Like the attacks of 9/11, the Air India attack did not come out of nowhere. There were plenty of warnings. Indian officials, up to and including prime minister Indira Gandhi, warned Canadian officials on numerous occasions that Sikh extremists in Canada — men who claimed to be fighting for a Sikh homeland in India — were plotting and sponsoring criminal acts in India and, very likely, against Air India. Canada didn’t ignore the warnings exactly but its response was woefully inadequate. For instance, the Canadian Intelligence and Security Service (CSIS) put wiretaps on some of the suspected terrorists, but since the suspects spoke a language no one at CSIS understood, they weren’t much use.
Furthermore, the fact that Air India was under terrorist threat seems not to have been passed on to the passenger agents or security or baggage people who handled Air India and connecting flights in Canada or, if it was, they didn’t take the threat very seriously. The man who checked the bomb into the plane in Vancouver didn’t have a confirmed seat for the journey to New Delhi, but his bag flew on regardless, until it exploded. Nor was checked luggage exposed to any real scrutiny at stops in Toronto and Montreal.

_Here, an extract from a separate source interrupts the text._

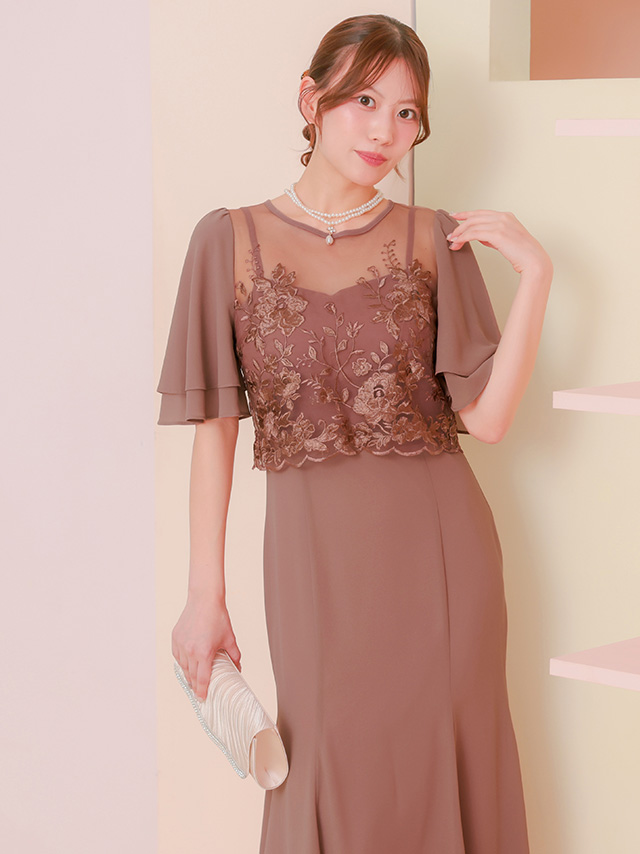 シースルー花柄刺繍シフォンフレア袖ロングパーティードレスのイメージ画像3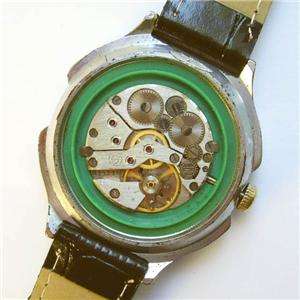 vintage Russian Watch SLAVA Date 21J Black Dial 1980s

After the explosion, when investigators went looking for the wiretap recordings that CSIS had been amassing, they were amazed to find that they’d all been erased. No doubt this was one reason that the prosecution failed to get any convictions in the case when it finally came to trial — 20 years after the event.
There is no question that the Air India bombing left a black mark on the Canadian justice system, as well as on the police, intelligence and security services. Our collective failure to prevent the tragedy or to punish those responsible will forever haunt us.
But regret is not enough.
Twenty-five years after Air India, we must remember how easy it was for terrorists to operate among us and we must resolve never again to let our guard down.
More than that, we ought to do everything we can to help the surviving victims of Air India, to make up for our negligence. There is a school of thought that because the victims of the bombing were mostly Canadians of Indian heritage, and the flight was Air India’s, that we didn’t treat the bombing as a Canadian tragedy.
If true, this would help explain why the first person the Canadian prime minister extended his condolences to was his counterpart in India — not the families of the bombing victims here at home. Some of the families feel that the Irish have offered them more comfort than Canadians have over the years. We must not forget them and what they have been through.
Twenty-five years is a long time — and it is nothing. For those who will undertake the journey to Cork this year, the sight of the Air India memorial will inevitably make their wounds feel raw again. There is no possibility of closure here, no escaping the lasting pain that such a loss inflicts.